(Bloomberg) -- Indonesia’s government and central bank are running into policy limits as they try to stimulate Southeast Asia’s largest economy.
Authorities are predicting growth in 2020 will be the fastest in seven years despite lingering trade tensions between the U.S. and China and subdued global demand. Yet policy options to spur demand are limited: The central bank is already taking a more cautious approach after four interest rate cuts last year, while a revenue shortfall is pushing the budget deficit close to the legally mandated cap of 3% of gross domestic product.
“Fiscal stimulus as this point is more effective than adjustments in monetary policy, and the government needs to be more proactive,” said David Sumual, chief economist of PT Bank Central Asia in Jakarta. But the deficit ceiling “locks us into a soft pro-cyclical policy,” and even if the deficit were pushed to the limit this year it would only add 60 basis points to the growth rate, he said.
Economic growth has been hovering around the 5% mark for several years now. The government forecast 5.1% for 2019 -- down from an initial 5.3% -- and sees growth rebounding to as much as 5.6% this year.
To support the economy, the central bank cut interest rates by a total of 100 basis points in 2019. It has kept the benchmark rate unchanged at 5% at its past two meetings as the Federal Reserve signals a prolonged pause in U.S. rates.
For its part, the government has been widening the budget deficit and planning to front-load spending in the first quarter to support the economy. Last year’s deficit was projected to come in at about 2.2% of GDP amid a revenue shortfall. The government is targeting a deficit of 1.76% of GDP in 2020, but says it will be flexible on the target.
“On one hand we will continue to maintain prudent debt management, but at the same time we will also be supportive and flexible enough when the economy is under strong pressure coming from the global economy,” Finance Minister Sri Mulyani Indrawati said in November.
President Joko Widodo has held discussions with the cabinet about adjusting the deficit ceiling, but no immediate change is expected, according to the Finance Ministry.

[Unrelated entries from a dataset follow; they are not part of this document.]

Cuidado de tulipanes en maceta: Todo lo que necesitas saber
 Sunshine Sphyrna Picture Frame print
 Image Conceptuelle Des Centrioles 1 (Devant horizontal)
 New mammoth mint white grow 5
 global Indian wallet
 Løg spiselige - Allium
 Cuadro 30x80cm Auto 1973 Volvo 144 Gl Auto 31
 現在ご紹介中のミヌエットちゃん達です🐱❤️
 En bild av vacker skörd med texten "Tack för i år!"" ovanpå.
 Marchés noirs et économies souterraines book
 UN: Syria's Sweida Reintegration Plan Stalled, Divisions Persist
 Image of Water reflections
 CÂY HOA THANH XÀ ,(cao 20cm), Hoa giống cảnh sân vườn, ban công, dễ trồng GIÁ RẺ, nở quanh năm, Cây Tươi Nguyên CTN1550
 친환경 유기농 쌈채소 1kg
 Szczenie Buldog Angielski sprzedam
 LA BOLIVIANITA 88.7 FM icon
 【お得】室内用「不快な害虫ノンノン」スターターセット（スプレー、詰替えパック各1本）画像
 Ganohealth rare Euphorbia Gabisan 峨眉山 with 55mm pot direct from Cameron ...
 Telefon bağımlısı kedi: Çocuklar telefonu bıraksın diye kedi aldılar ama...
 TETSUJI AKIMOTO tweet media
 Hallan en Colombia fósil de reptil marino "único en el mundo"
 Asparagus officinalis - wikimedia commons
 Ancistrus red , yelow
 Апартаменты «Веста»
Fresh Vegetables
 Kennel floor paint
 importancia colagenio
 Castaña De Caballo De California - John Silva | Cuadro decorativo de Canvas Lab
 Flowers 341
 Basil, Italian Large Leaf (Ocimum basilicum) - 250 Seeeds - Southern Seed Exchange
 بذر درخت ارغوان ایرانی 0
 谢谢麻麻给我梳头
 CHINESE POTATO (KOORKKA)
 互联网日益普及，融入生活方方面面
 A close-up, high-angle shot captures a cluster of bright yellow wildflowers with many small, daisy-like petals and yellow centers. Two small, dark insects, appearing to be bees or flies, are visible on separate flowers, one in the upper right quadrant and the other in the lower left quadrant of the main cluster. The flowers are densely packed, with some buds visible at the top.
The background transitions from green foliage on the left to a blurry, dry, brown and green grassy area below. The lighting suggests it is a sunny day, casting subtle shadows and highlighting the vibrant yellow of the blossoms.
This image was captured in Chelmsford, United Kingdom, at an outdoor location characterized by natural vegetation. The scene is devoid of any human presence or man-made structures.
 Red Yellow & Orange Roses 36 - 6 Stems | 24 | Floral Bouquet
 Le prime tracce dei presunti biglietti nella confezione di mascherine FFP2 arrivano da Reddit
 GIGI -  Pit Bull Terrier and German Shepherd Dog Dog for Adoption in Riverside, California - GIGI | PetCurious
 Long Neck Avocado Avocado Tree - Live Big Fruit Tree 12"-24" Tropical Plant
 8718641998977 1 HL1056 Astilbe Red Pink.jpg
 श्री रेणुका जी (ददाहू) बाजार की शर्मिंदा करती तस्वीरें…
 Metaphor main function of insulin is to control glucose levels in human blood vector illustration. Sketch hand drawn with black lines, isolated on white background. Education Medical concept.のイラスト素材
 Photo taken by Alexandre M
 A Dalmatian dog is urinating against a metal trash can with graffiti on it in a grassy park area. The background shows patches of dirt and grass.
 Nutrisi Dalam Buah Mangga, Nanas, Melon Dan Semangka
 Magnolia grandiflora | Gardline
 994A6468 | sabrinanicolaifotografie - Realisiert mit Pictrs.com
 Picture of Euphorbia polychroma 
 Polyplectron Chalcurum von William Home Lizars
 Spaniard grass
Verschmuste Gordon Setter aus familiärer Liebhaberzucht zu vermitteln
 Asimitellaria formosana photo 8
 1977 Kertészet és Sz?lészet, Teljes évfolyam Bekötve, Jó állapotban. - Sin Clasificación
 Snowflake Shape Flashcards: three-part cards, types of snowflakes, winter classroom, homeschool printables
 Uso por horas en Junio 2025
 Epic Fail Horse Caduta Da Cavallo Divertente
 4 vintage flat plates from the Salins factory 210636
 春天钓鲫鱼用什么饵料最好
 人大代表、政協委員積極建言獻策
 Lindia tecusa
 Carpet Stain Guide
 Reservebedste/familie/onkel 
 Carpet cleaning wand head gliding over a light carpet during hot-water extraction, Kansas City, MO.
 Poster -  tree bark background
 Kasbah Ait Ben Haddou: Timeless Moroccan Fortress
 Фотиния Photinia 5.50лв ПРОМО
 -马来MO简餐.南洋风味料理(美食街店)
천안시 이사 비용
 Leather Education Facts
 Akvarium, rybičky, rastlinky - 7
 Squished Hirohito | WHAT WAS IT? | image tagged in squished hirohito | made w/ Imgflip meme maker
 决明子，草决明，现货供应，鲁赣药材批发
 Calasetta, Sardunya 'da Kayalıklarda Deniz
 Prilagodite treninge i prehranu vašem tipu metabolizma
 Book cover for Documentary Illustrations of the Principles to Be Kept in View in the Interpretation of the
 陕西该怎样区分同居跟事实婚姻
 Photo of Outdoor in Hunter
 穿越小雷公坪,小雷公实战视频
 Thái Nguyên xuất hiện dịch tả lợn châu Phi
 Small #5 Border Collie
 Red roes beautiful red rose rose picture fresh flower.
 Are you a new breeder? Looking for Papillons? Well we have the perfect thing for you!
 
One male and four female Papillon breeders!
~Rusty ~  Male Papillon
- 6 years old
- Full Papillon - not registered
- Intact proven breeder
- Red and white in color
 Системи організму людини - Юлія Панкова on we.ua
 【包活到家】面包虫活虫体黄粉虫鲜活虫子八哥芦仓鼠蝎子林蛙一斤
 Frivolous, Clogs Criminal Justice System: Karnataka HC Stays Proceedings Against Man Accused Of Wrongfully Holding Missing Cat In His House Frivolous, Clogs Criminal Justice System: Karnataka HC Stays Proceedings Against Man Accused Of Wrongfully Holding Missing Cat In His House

Economists surveyed by Bloomberg expect the central bank to lower its benchmark rate to 4.75% this year. Inflation, which eased to 3% in November, is forecast to stay within the central bank’s new target of 2%-4%, while the economy is projected to grow about 5%.
“The monetary policy space looks limited,” said Charu Chanana, deputy head of Asia research at Continuum Economics in Singapore. “Fiscal easing is likely to be more effective to lift credit demand, and we see room for the Indonesian government to announce targeted measures despite the revenue and deficit ceiling constraints.”